Find the latest breaking news and information on the top stories, science, business, entertainment, politics, and more.

District vows action after Santa Clarita students posted racist video on social media

Santa Clarita school district officials vowed to take action after a video posted to social media shows students driving through a school parking lot and singing a song that includes a racist slur.

Three Valencia High School students filmed themselves laughing and repeatedly singing the N-word into a microphone. The song’s lyrics included: “I don’t like N—”.

Representatives of the Santa Clarita chapter of the NAACP and the William S. Hart Union High School District addressed the video at a news conference Tuesday with other community leaders. District officials did not disclose what type of discipline the students will face for being minors.

The video was recorded by a student who was being driven across a parking lot in a car with two other students. She laughed and held a microphone up to the driver as they sang the lyrics to the song.

“Then they chose to share that hate speech by posting it on social media for thousands to see,” said Valerie Bradford, president of the NAACP’s Santa Clarita chapter. “Of course, their actions spread like wildfire, and African-American students on campus once again felt fearful, alone, and singled out.”

Antonia Esi, president of the Black Student Union at Valencia High School, quoted civil rights activist Angela Davis as saying, “I no longer accept the things I can’t change. I’m changing the things I can’t accept.”

Esi added: “The act of violence against black people inflicted by these girls in these videos is one of the things I cannot accept. Walking through the corridors of Colegio Valencia and hearing the voices of this video echoing from telephones to mouths is an act of violence that we cannot accept either”.

Superintendent Mike Kuhlman condemned the casual manner in which the lyrics were repeated in the video.

“The Hart District will not condone this type of hate speech, and we have taken proactive steps to ensure that our intent is to promote an equitable, safe, and inclusive environment for all of our students,” Kuhlman said in a written statement.

Kuhlman promised that the district has taken “strong and proactive steps to send the message that this type of flagrant racism” will not be tolerated.
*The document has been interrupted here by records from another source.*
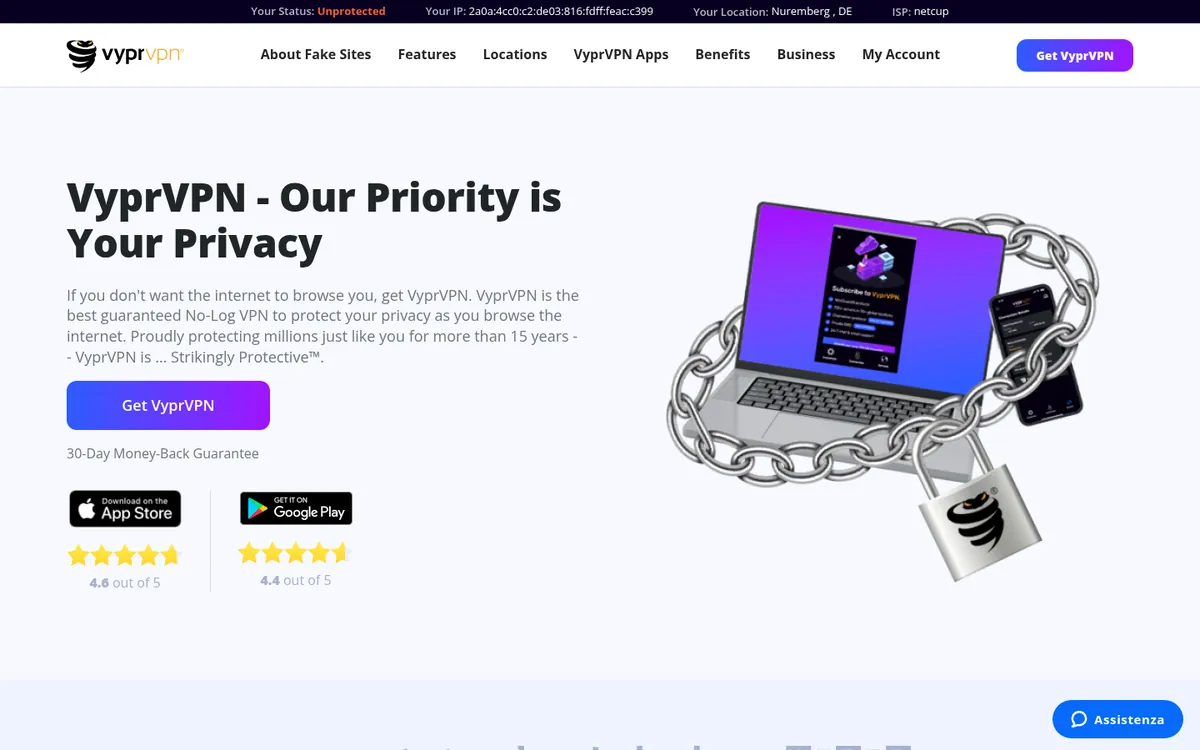 Homepage di VyprVPN su computer – alla prova: miglior VPN in Italia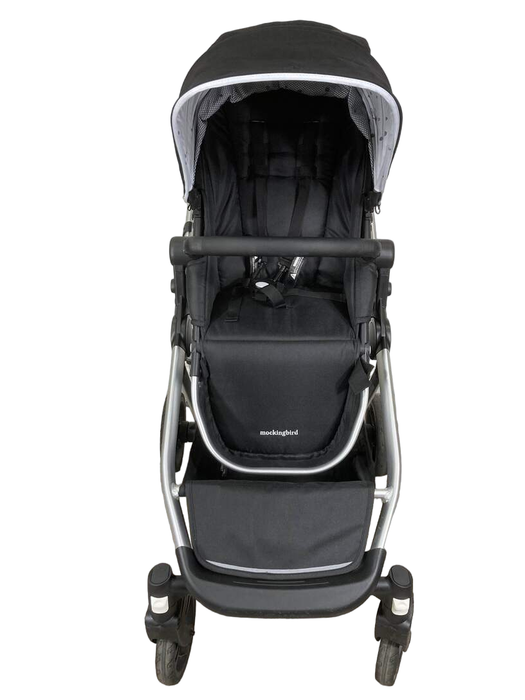 secondhand Mockingbird Single to Double Stroller, 2023, Silver with Black Leather, Watercolor Drops, Black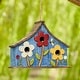 preview thumbnail 7 of 37, Glitzhome 10.5"H Distressed Solid Wood Birdhouse with 3D Flowers - 10.5"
The video is not the first instance in which Valencia High School has had to deal with racism. In 2008, the school district agreed to pay $300,000 to four students to settle a racial discrimination lawsuit. according to the Los Angeles Daily News.

The students in the 2008 settlement claimed that the district allowed hate and bias to persist at their school and that district officials ignored parental comments. While attending Valencia High School, the students said they heard chants of “white power” and “go back to Africa” during their lunch hour and saw swastikas, iron crosses and other racist symbols tagged on school property.

In the current case, district officials conducted interviews with students, parents and staff members, according to Kuhlman, and also contacted law enforcement officials regarding the video posted on social media.

While the blatant racism displayed in the video was shocking, it did not surprise many in the community, said Cherise Moore, a board member for the school district.

“For so many others to reach out to say that their child wasn’t surprised by this video or that it’s not uncommon for the word to be used in school, well, it’s eye-opening in so many ways,” Moore said. “It helps me recognize that we have a lot of work to do as a board.”

Moore said he will present a list of recommendations to the district’s governing board to address racism and bias within the school district.

“We need to have ongoing training that allows us to take a deep dive into some of the issues around racism that sometimes people are too uncomfortable to have,” Moore said. “I also want students to understand the impacts of certain behaviors on groups of students.”